In sostanza, la transizione verso un modello di sviluppo a minore impatto ambientale e che favorisca anche una crescita duratura e di qualità non potrà prescindere dalla presenza di un adeguato “ecosistema di ricerca e innovazione”, che metta in grado ciascun Paese sia di produrre nuove tecnologie, sia di utilizzare al meglio quelle già disponibili, grazie a quella fondamentale “capacità di assorbimento” che deriva dal patrimonio di conoscenze scientifiche e tecnologiche preesistente; senza contare che, al di fuori di questa rotta, il tendenziale aumento della domanda di tecnologie “verdi” non tarderebbe a tradursi in crescenti importazioni dall’estero, creando tensioni dal lato dell’interscambio commerciale e frenando per questa via la crescita economica.

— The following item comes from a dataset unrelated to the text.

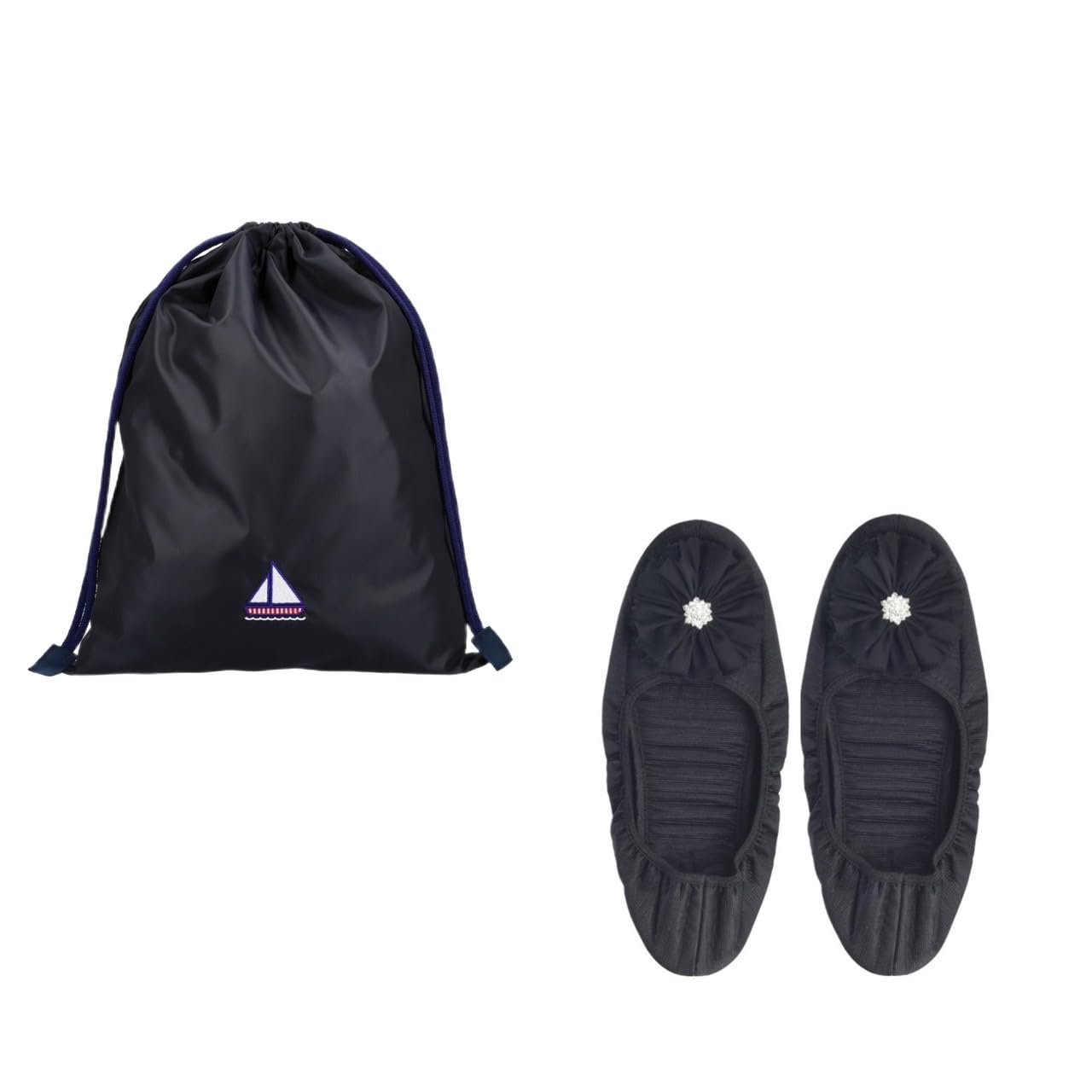 

Angel Smile Royal School Гросгрейн Портативные тапочки Средние Вышивка Узор Яхта Темно-синий Набор мешочка на шнурке RSSL2023004 Средний (Ювелирный черный) & чёрный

Sia ben inteso che sollecitare una “riconversione ecologica” dei sistemi produttivi stimolando gli investimenti con maggior impatto sul miglioramento della qualità dell’ambiente rimane un punto centrale, ed è importante che, attualmente, un attore di peso sullo scenario internazionale quale è l’Unione europea si stia facendo in qualche modo portavoce di questo disegno. Tuttavia dovrebbe essere altrettanto chiaro come tale strategia vada inquadrata in una lucida visione delle molte divergenze tuttora presenti tra i Paesi dell’area (Palma, 2014), tanto sul piano della struttura produttiva, quanto, conseguentemente, su quello tecnologico, chiamando in causa un rinnovato ruolo dell’intervento pubblico nella veste di uno “Stato imprenditore” capace di creare nuovi mercati e di consentire quel grande salto tecnologico che la “rivoluzione verde” richiede (Mazzucato, 2013).

Il lancio di una coraggiosa strategia industriale in questa chiave a livello europeo potrebbe perfino trasformarsi in uno stimolo ancor più significativo sul piano mondiale, considerata l’incessante avanzata dell’area asiatica (Cina in testa) e lo straordinario impulso che ha caratterizzato proprio gli investimenti pubblici in ricerca e innovazione nel corso degli ultimi anni in questa parte di mondo, collocandola in posizione di sorpasso rispetto al Vecchio continente.

Un passaggio, tra l’altro, tanto più auspicabile se si pensa alla straordinaria opportunità che da ciò’ potrebbe nascere per una concreta ed efficace revisione del sistema di regole e vincoli che continuano ad imbrigliare il governo delle politiche europee, rendendo sempre più difficile l’uscita di tutta l’Unione dal prolungato stallo della stagnazione economica.